§ YOUR OBJECTIVE:
Return every line of the data that contains the string "Leather".

§ RECORD EXCERPTS:
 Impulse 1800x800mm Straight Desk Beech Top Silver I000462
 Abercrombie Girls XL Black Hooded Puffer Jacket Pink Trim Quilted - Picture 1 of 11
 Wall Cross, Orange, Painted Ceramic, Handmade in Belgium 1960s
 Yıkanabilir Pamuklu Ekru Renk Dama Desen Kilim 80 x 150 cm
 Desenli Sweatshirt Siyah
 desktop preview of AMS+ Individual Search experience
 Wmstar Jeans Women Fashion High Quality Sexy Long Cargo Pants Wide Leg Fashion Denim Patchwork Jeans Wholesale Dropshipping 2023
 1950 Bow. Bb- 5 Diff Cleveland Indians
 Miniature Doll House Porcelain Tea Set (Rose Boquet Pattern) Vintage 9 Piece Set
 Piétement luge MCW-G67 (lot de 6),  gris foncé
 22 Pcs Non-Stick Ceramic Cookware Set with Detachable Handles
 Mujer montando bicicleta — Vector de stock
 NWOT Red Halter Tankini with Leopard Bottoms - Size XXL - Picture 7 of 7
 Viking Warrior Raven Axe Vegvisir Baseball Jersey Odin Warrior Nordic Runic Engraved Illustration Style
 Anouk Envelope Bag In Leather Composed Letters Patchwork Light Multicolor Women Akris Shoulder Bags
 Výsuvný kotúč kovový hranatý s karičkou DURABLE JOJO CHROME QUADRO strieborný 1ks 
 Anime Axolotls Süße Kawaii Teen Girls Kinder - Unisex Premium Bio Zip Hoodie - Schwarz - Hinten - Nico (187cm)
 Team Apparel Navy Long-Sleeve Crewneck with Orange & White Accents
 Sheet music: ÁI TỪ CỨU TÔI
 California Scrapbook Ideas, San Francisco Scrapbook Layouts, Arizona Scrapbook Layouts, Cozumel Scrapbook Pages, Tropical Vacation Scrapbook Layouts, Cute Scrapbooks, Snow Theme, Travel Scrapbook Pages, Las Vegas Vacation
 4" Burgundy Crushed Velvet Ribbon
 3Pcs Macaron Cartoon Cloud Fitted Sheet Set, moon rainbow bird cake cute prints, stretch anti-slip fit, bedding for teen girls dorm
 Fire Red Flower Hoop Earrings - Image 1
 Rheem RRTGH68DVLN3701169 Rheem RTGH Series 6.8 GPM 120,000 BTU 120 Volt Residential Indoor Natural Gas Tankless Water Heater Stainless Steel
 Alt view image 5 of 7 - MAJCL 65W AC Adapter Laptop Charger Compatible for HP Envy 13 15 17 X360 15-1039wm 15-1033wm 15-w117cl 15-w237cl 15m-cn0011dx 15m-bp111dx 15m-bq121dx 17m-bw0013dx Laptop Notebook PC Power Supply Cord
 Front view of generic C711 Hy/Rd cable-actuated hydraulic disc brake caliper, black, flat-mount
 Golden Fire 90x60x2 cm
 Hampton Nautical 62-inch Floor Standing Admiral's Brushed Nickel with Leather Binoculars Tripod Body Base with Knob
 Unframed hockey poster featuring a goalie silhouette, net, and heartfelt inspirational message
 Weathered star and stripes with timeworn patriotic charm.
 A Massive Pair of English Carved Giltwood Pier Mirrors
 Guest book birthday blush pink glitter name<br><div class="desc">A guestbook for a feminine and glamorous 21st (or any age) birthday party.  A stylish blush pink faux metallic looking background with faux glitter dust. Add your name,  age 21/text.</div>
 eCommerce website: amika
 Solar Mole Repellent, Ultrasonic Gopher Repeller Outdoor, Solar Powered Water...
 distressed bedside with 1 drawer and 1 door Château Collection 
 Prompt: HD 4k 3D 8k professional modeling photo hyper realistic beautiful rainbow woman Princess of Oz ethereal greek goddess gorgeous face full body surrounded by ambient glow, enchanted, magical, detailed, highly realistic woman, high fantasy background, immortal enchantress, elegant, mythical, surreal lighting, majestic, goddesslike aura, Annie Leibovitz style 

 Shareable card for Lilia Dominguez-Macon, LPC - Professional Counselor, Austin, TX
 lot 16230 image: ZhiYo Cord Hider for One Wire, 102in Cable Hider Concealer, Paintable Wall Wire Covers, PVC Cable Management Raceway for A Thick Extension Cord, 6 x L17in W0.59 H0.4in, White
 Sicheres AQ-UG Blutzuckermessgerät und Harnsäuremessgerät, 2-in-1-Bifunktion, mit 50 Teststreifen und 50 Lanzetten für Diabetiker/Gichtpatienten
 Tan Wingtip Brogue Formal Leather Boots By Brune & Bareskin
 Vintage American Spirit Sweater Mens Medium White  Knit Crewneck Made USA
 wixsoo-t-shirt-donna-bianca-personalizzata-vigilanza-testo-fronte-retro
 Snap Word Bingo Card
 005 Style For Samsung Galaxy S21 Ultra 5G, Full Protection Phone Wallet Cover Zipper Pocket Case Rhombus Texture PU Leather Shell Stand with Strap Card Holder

§ RESULT OF THIS EXERCISE:
 Anouk Envelope Bag In Leather Composed Letters Patchwork Light Multicolor Women Akris Shoulder Bags
 Hampton Nautical 62-inch Floor Standing Admiral's Brushed Nickel with Leather Binoculars Tripod Body Base with Knob
 Tan Wingtip Brogue Formal Leather Boots By Brune & Bareskin
 005 Style For Samsung Galaxy S21 Ultra 5G, Full Protection Phone Wallet Cover Zipper Pocket Case Rhombus Texture PU Leather Shell Stand with Strap Card Holder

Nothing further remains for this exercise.